Aucune autorisation d'exporter du matériel de guerre vers la Russie n'est plus délivrée depuis début mars 2014. C'est pratiquement à ce moment-là que les derniers biens, à savoir des fusils, des pistolets-mitrailleurs, des pistolets, leurs accessoires et leurs munitions pour une valeur totale d'environ 540 000 francs, ont quitté la Suisse pour la Russie. Avant le gel des autorisations, le SECO avait autorisé uniquement des livraisons d'armes légères destinées à assurer la protection du président russe et d'autres personnalités, nationales ou internationales. Étant donné les caractéristiques de ces armes, leur utilisation dans le conflit avec l'Ukraine peut pratiquement être exclue.

Comme toutes les autorisations (délivrées avant le gel des autorisations) d'exporter du matériel de guerre vers la Russie et l'Ukraine ont été exploitées, il n'y aura plus d'exportations à destination de ces deux États.

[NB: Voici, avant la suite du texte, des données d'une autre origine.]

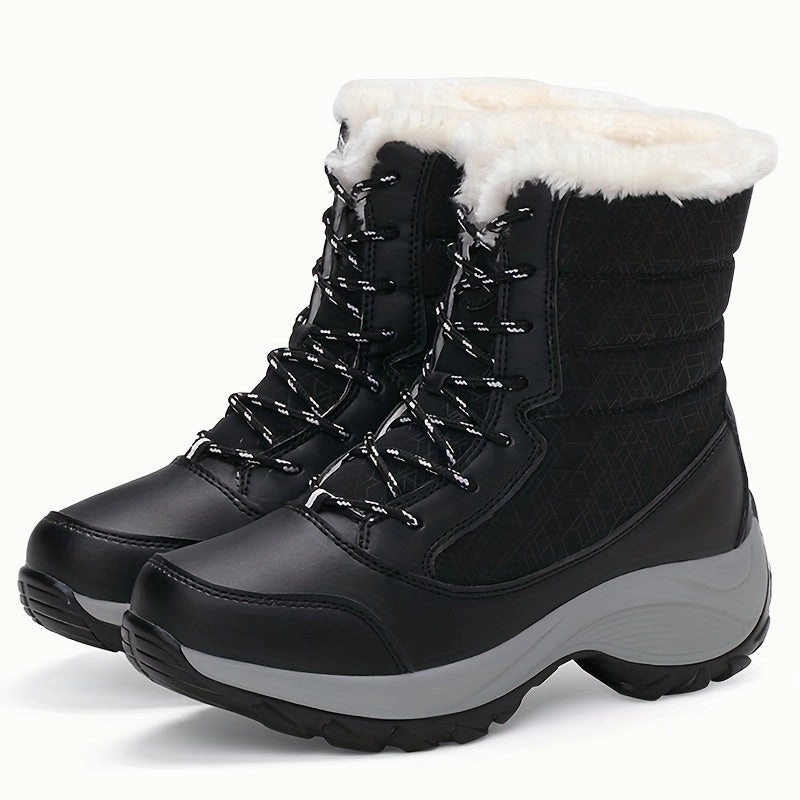 Winterschuhe Damen Stiefel | Mit Schnrung und Runder Kappe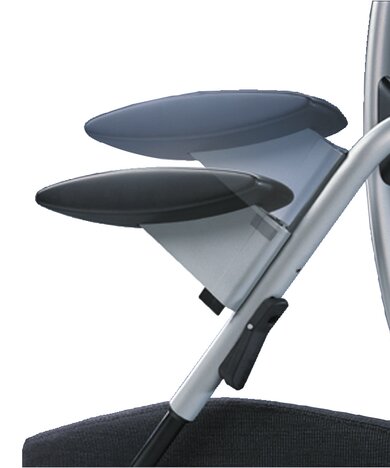 Synchronic adjustment of depth of seat and height of the backrest.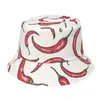 Chapéu de Pescador Estampado com Padrão de Vegetais Criativo Novo 2024 Chapéu de Sol Casual ao Ar Livre de Verão para Mulheres Mais Fácil de Combinar Chapéu Balde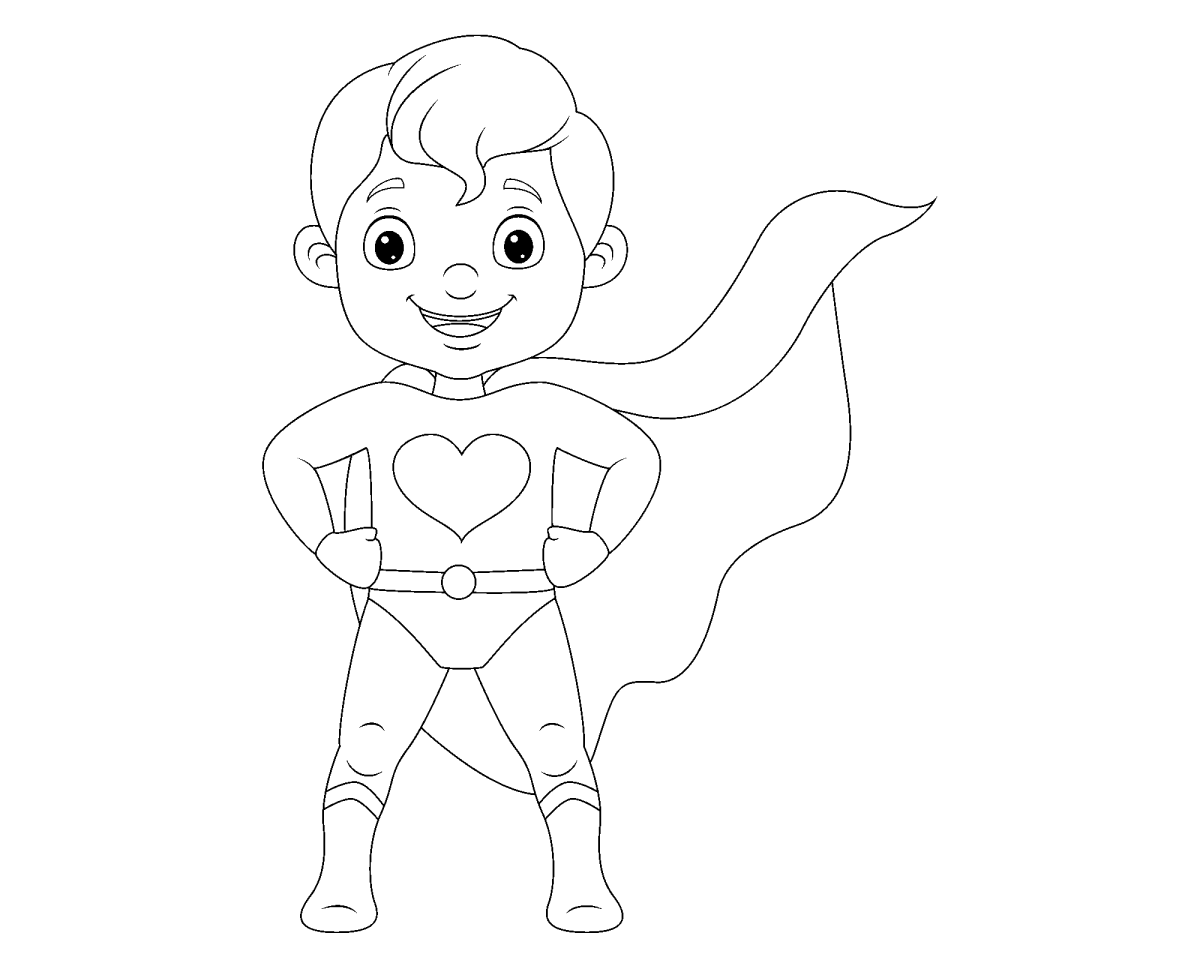 Pequena heroína de capa com coração no peito para colorir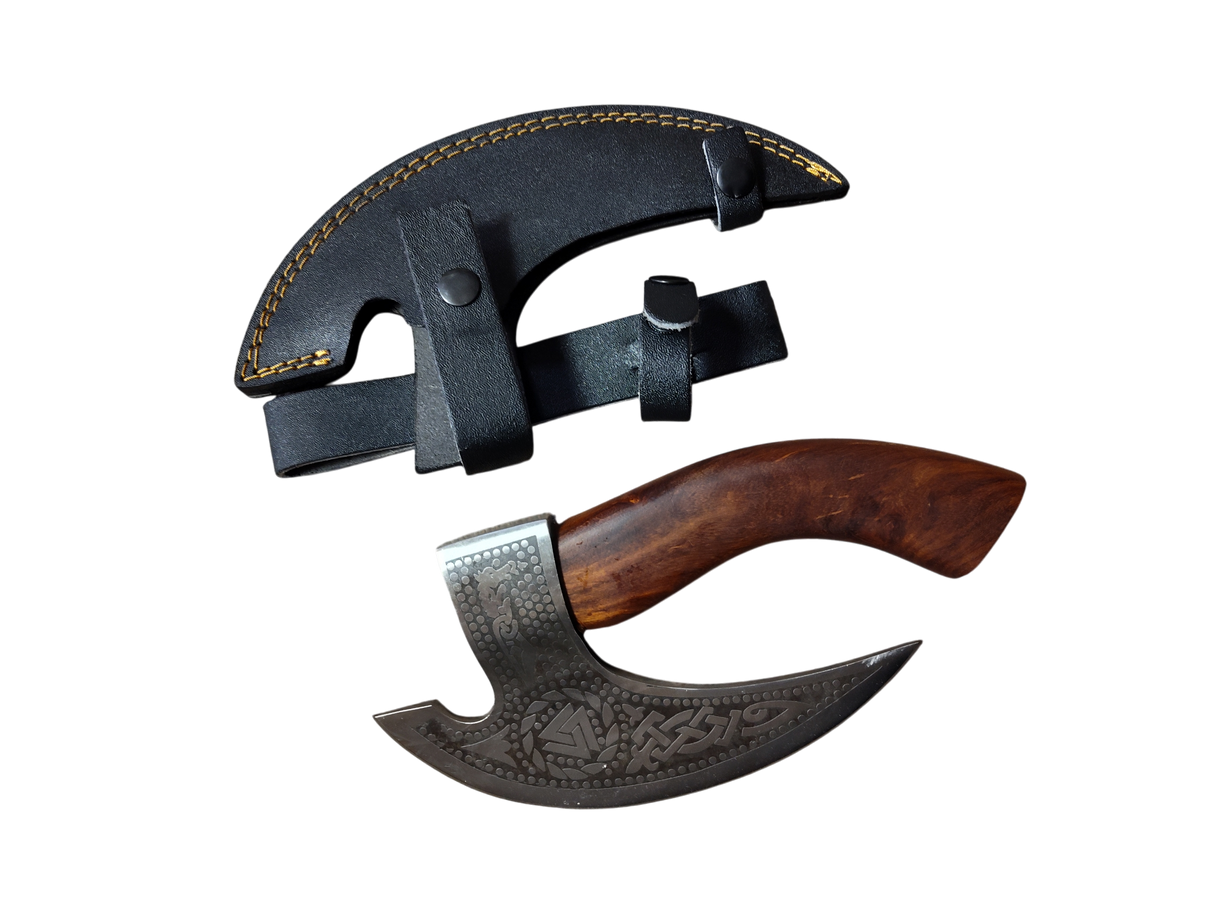 The Titan Nordic Raven Pizza Cutter features Norse-inspired craftsmanship, a wooden handle, hand-forged blade, and comes with a black leather hand axe sheath with yellow stitching, shown on a white background. Approx. 12" × 6".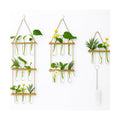 Leumoi 3pcs Hanging Propagation Station, Vertical 18 Glass Test Tubes | 3 Tiered Wooden Racks, Wall Propagation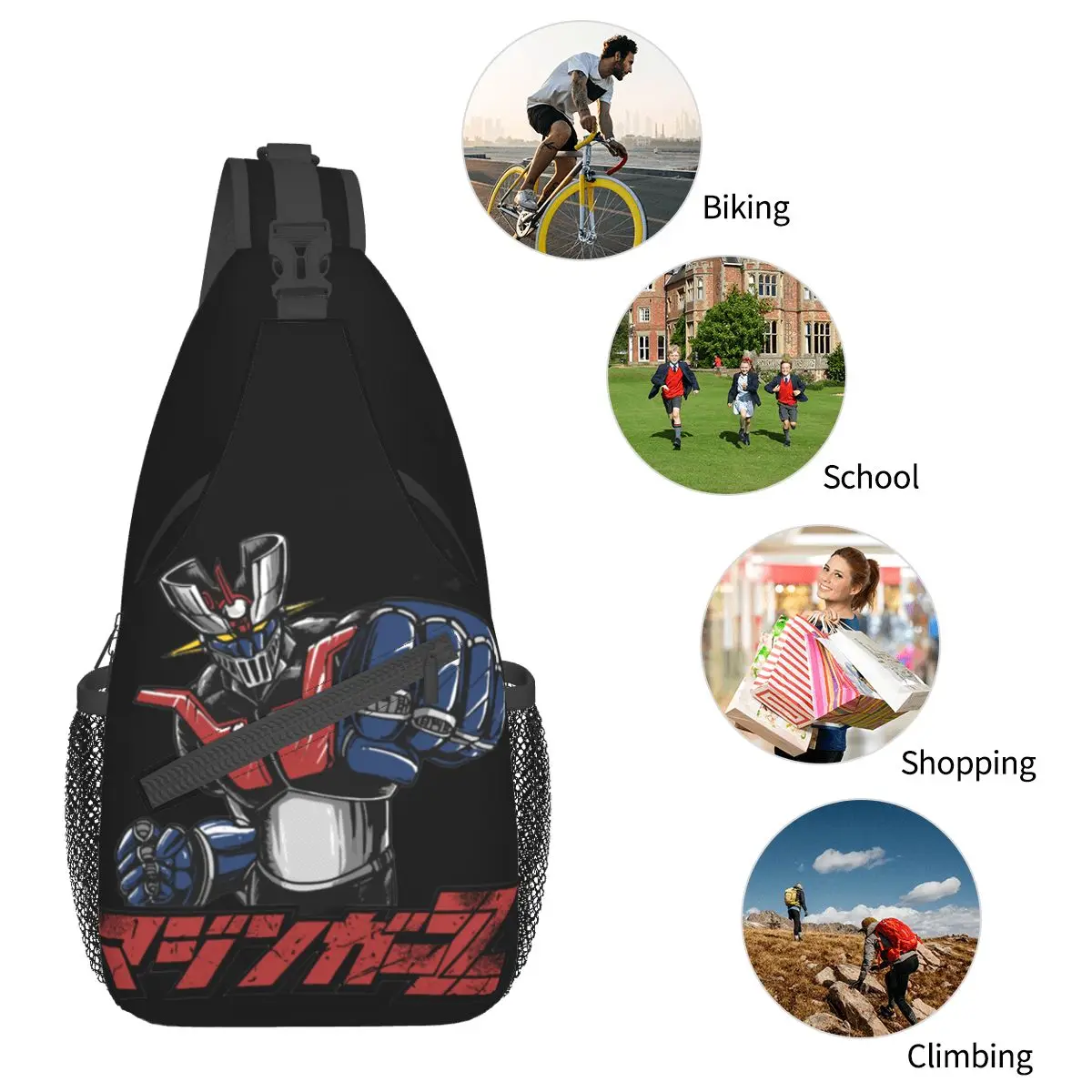 Goldorak Mazinger Z Small Sling Bag Chest Crossbody Shoulder Backpack Hiking Travel Daypacks Robot Grendizer Anime Cool Satchel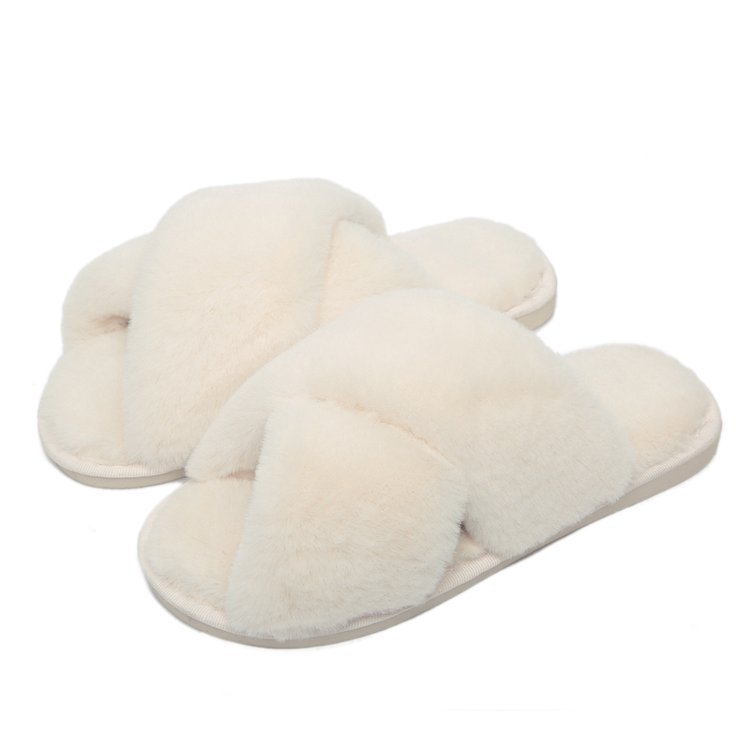 Foreign Trade Amazon Large Size Cross Fluffy Slippers Women's Winter Indoor Plush Flat Floor Open Toe Warm Cotton Slippers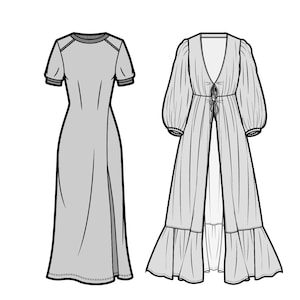 MAXI DRESSES - SET 1 _CAD Technical Drawing Designs_Adobe Illustrator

Les opérations concernant des biens utilisables à des fins civiles et militaires (biens à double usage) ou des biens militaires spécifiques sont régies par la législation sur le contrôle des biens. Comme indiqué dans la réponse à la question 15.5115, le SECO peut, depuis le 27 août 2014, refuser d'octroyer un permis pour l'exportation de biens à double usage et de biens militaires spécifiques vers la Russie et l'Ukraine si ces biens sont destinés à des fins militaires ou à un utilisateur final militaire, conformément à l'ordonnance instituant des mesures visant à empêcher le contournement de sanctions internationales en lien avec la situation en Ukraine. Cette règle n'est pas applicable aux opérations convenues par contrat avant l'entrée en vigueur de l'ordonnance.

Ainsi, en septembre 2014, le SECO a délivré un permis d'exporter du tissu de camouflage servant à la confection d'uniformes, vendu à une entreprise textile privée en Russie pour un montant de 90,6 millions de francs. Le contrat entre l'entreprise suisse et son client russe a été conclu en octobre 2013. Le tissu visé par le permis d'exportation ne comporte pas de couche qui le rendrait indétectable aux radars et aux infrarouges. En effet, cette couche n'est pas gage d'invisibilité, elle rend seulement le tissu plus difficilement détectable par les infrarouges. L'opération d'exportation touche à sa fin. Une photo prise à l'infrarouge thermique montrant la différence entre une tenue de camouflage en tissu spécial et une tenue en tissu standard figure sur le site internet du SECO (www.seco.admin.ch/themen/00513/00600/00608/index.html ?lang=fr).

Rien ne laisse supposer que de nouvelles demandes entrant dans le champ d'application de la disposition transitoire seront déposées. L'ordonnance précitée impose dès lors des restrictions très sévères pour l'octroi de nouveaux permis d'exporter des biens militaires spécifiques. Selon le Conseil fédéral, une interdiction totale d'exportation, englobant aussi les biens pour lesquels un permis a déjà été délivré, irait au-delà de l'objectif visé. Le Conseil fédéral ne voit par conséquent aucune raison de prendre des mesures supplémentaires.

Le Conseil fédéral propose de rejeter la motion.